The workshop is based on the concept of a time bank, an alternative model of economic exchange which has emerged sporadically in various localities during the last two centuries. Each participant in the workshop offers one hour of time to another individual. The possibilities of what happens during this hour are endless: one might give a massage, mend some clothing, sweep and mop an apartment, babysit, write an essay, write a song, take a walk and have a conversation, exchange ideas, teach a skill, share resources in order to become informed about a relevant issue, etc. Each participant gives an hour to someone and receives an hour from someone else. However, there is no direct reciprocation; instead there is a network of relations that creates indirect connections among the whole group. These relations are recounted during the performance in the form of “speech deeds,” events in which communication becomes a form of action and action becomes a form of communication.
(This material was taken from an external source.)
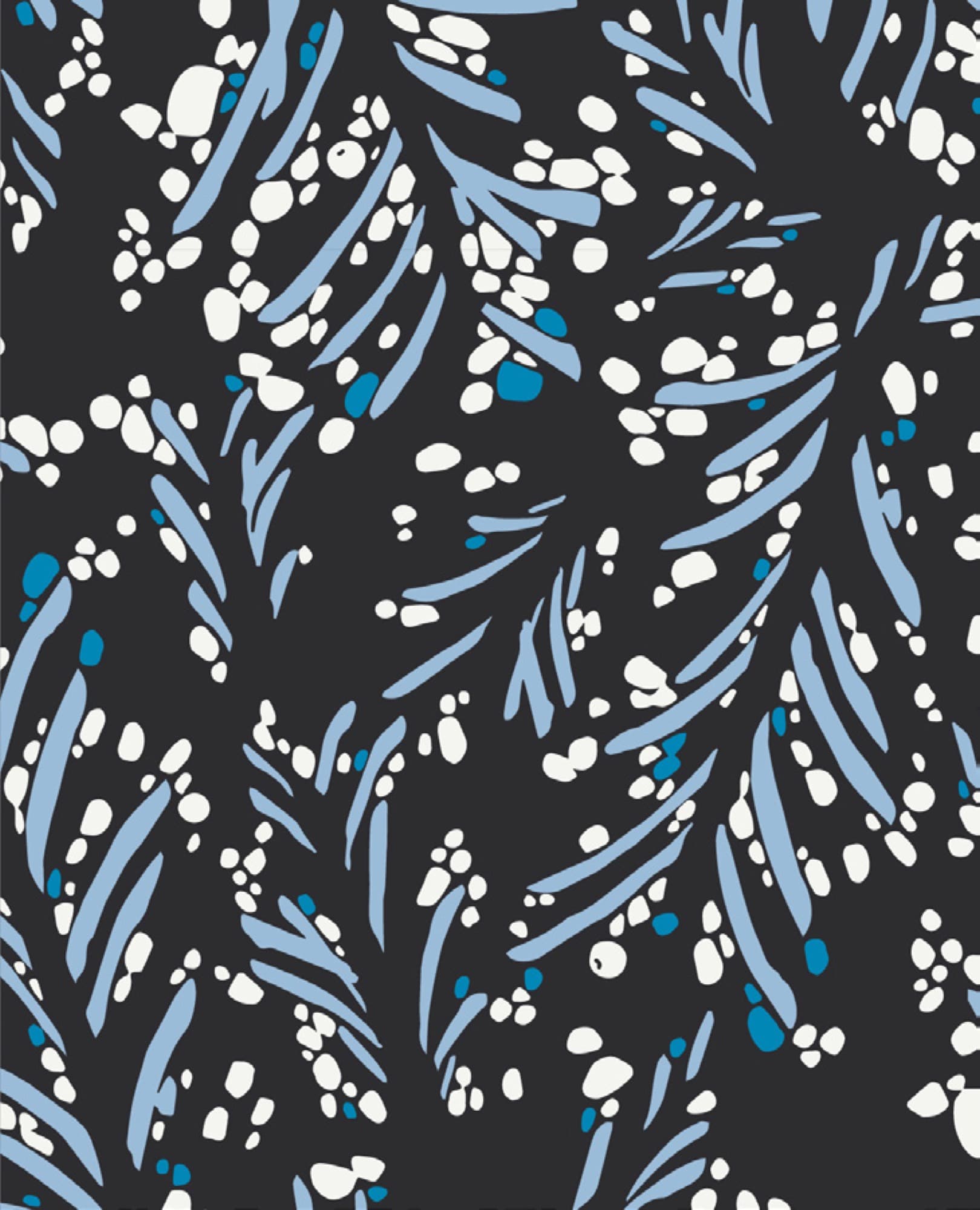 Impression repeat pattern in navy, teal, and white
Why work with unemployed people? It’s simple really. Those involved fulfill the basic criterion of being available to participate during the week. Perhaps there is something wrong with the construction of “employed” and “unemployed,” which implies that the unemployed are lacking a positive attribute. They are defined by a negation, as if employment is the basic, positive condition of participating in an active life. But what if we define the unemployed individual in a positive light: as an “available” person? A “potentiality-endowed” person? An “activated” person? Someone who can participate in the vita activa, while free from the constaints of a regimented schedule… This is not to belittle the plights of unemployed people who are struggling to make ends meet; it is to question a system that creates such a class of people and defines this class negatively, through what the individuals lack rather than through their potentialities.